PSC had protested cuts
In the Fall semester, as members at senior colleges were mobilizing against budget cuts at their campuses, the PSC chapter at Queens College was facing a reduction that seemed particularly dire. As Clarion reported, the English department was bracing for a cut of 800 seats out of a total of 1,200 seats allocated for introductory English classes for the Spring 2020 semester.
In satirical pamphlets, the PSC chapter at Queens asserted that English classes were going to be awarded to students in a lottery process where only the lucky ones could be assured access to the required courses they needed to graduate.

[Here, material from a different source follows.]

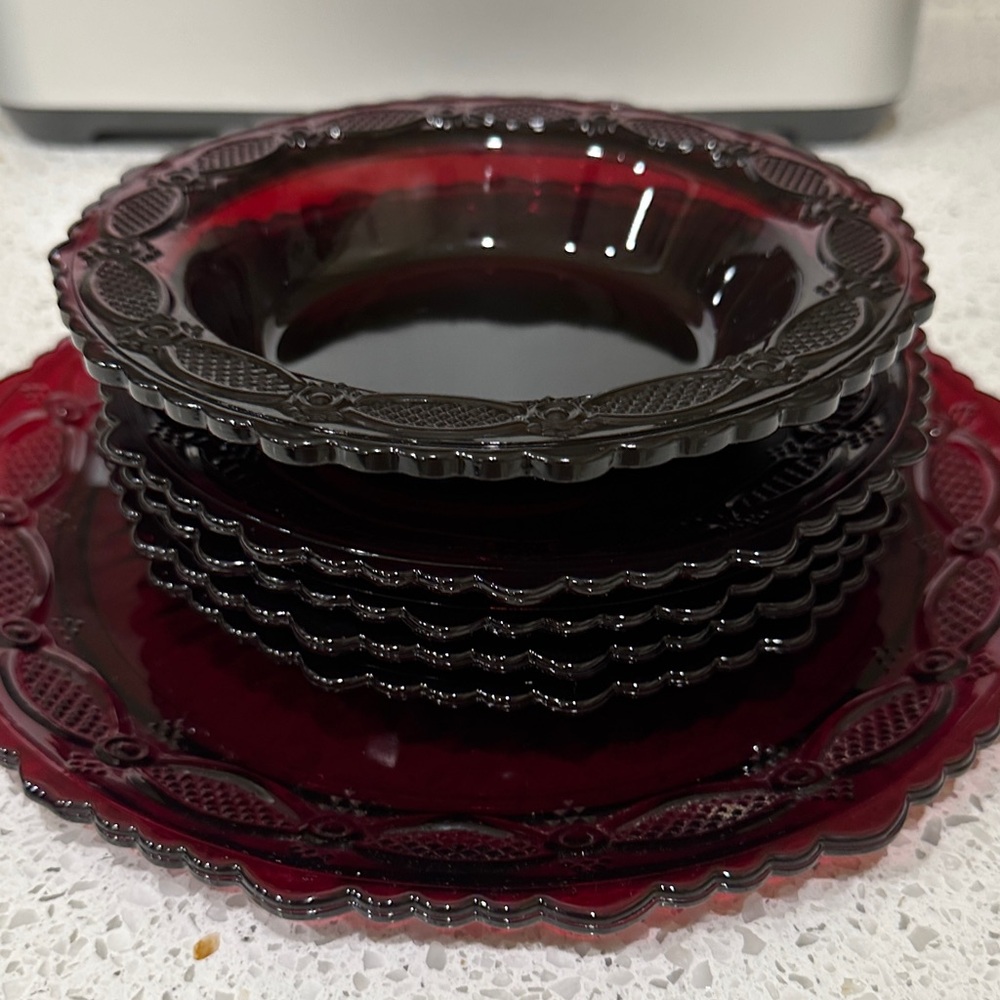 Avon 1876 Cape Cod Elegant Red Glass Plate Set
4 plates and 1 large platter
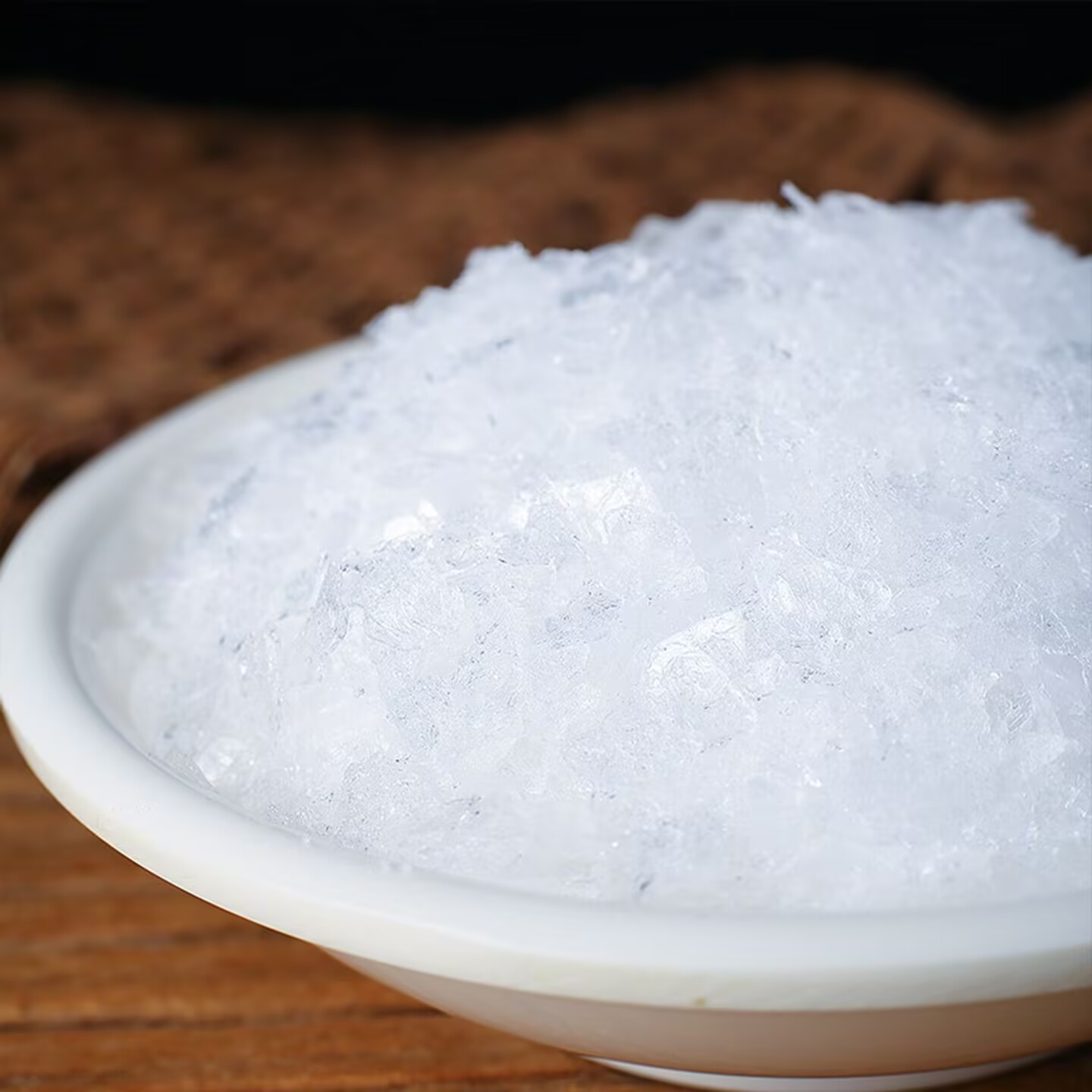 Soap Making Raw Material - Yüksek Saflıkta Doğal Borneol Kristalleri El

Meanwhile, English adjuncts were without classes to teach as a result, union activists said.
The good news is that this Spring semester, the cuts have been avoided.

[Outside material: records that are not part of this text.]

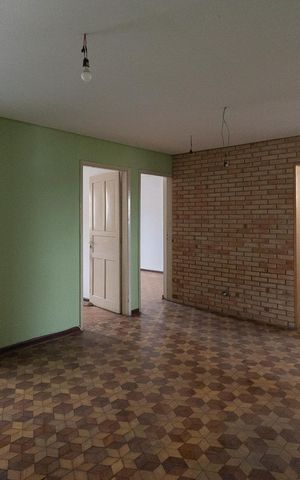Casa à venda com 180m², 7 quartos e 2 vagas Casa à venda com 180m², 7 quartos e 2 vagasSala casa 1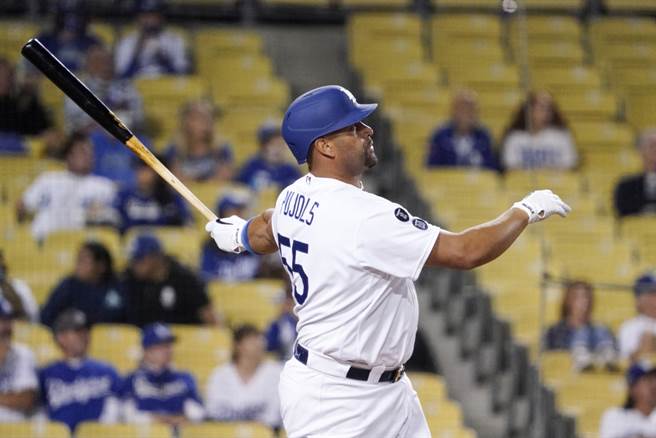 41岁的普侯斯被天使释出之后加入道奇，打击数据全面攀升。（美联社资料照）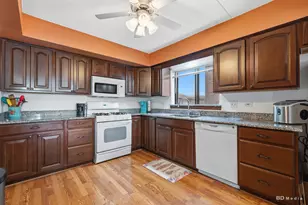16807 81st Ave, Tinley Park, IL 60477 - Photo 4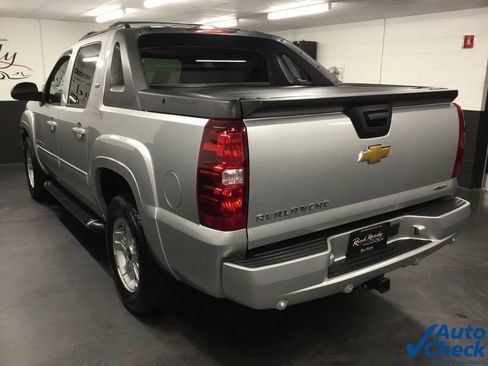 Used 2012 Chevrolet Avalanche LT w/ Suspension Package, Off-Road image 7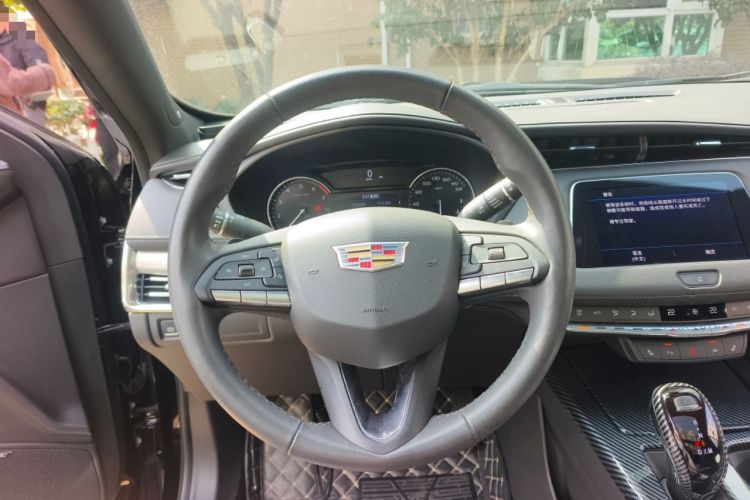 Used Cadillac XT4 2022 28T Two-Wheel-Drive Luxury Version
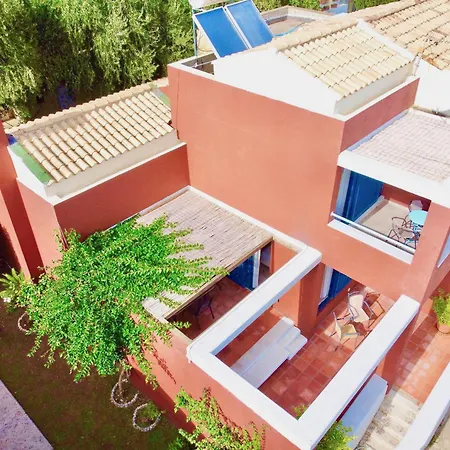 Alpha Minivilla By Dadovillas בארבאטי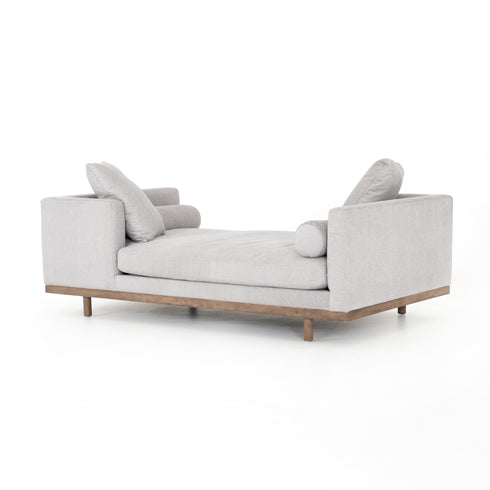 BRADY TETE A TETE CHAISE-VAIL SILVER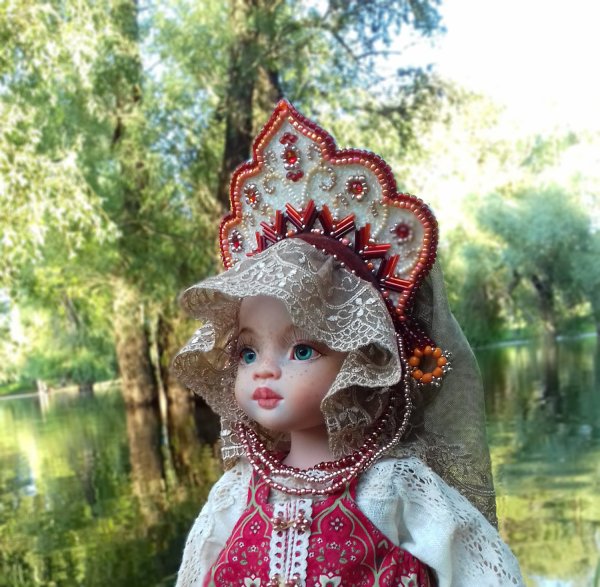 Кокошник для куклы Паола Рейна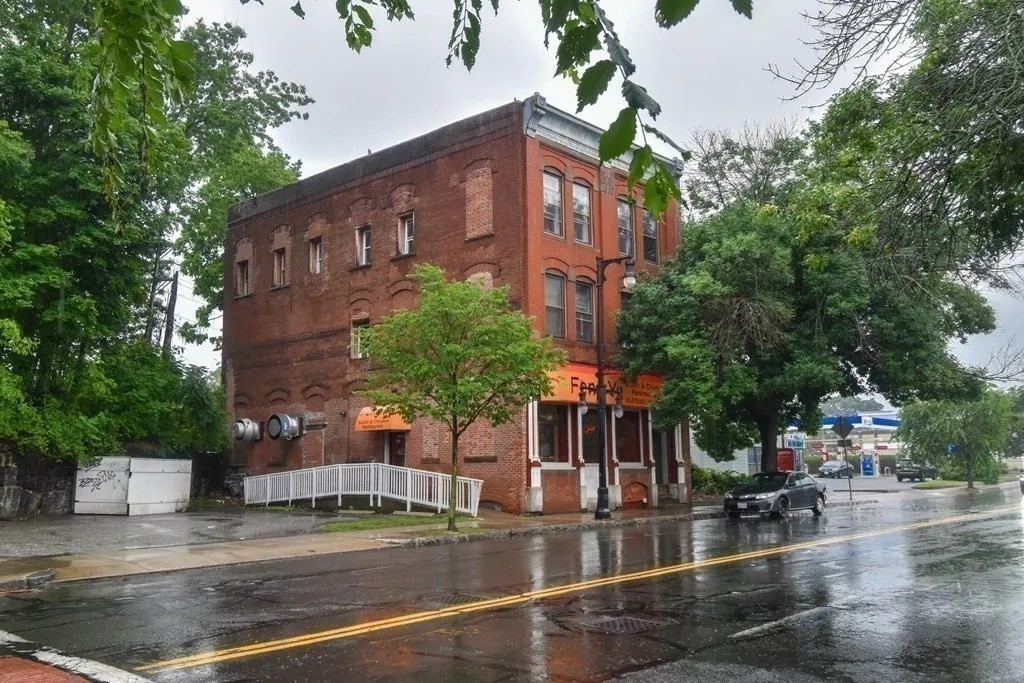 205 Elm St, Westfield, Massachusetts, 4 Bedrooms Bedrooms, 13 Rooms Rooms,3 BathroomsBathrooms,Residential Income,For Sale,Elm St,73504152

“We cut some seats, about 150 or so, but we were able to do so without having to let go of any adjuncts who depended on our department for work, so that worked out okay,” said Karen Weingarten, the interim English department chair. “It was nowhere as dramatic as we anticipated.”

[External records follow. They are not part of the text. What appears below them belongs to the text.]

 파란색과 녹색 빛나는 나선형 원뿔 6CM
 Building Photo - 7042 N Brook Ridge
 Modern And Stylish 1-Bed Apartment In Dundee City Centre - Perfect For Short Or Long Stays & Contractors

When the cuts were first announced, the PSC chapter at Queens College confronted CUNY Chancellor Félix Matos Rodríguez – who until last year served as the president of Queens College – about the English department cuts in a campus Q&A session. At the session, David Gerwin, PSC chapter chair, said the cuts constituted a “red line” that the campus could not afford to cross.
“It was the one cut that most clearly demonstrated what would have happened to Queens,” Gerwin told Clarion, adding that such severe cuts would have redefined the college in a fundamental way. “At Queens College, you have a good chance of getting the classes you need to graduate. If they had cut 800 out of more than 1,000 seats in mid-level required English classes, that wouldn’t be true.”
According to Gerwin, the cuts would have made it nearly impossible for students to get into the classes they needed. “This showed how far down the road Queens was toward disaster,” he said.
The administration did not say whether union protests against the English department reductions were what prompted the college to avert the cuts. While he expressed relief that the English department cuts were largely avoided, Gerwin added that members are still organizing against systemwide budget tightening.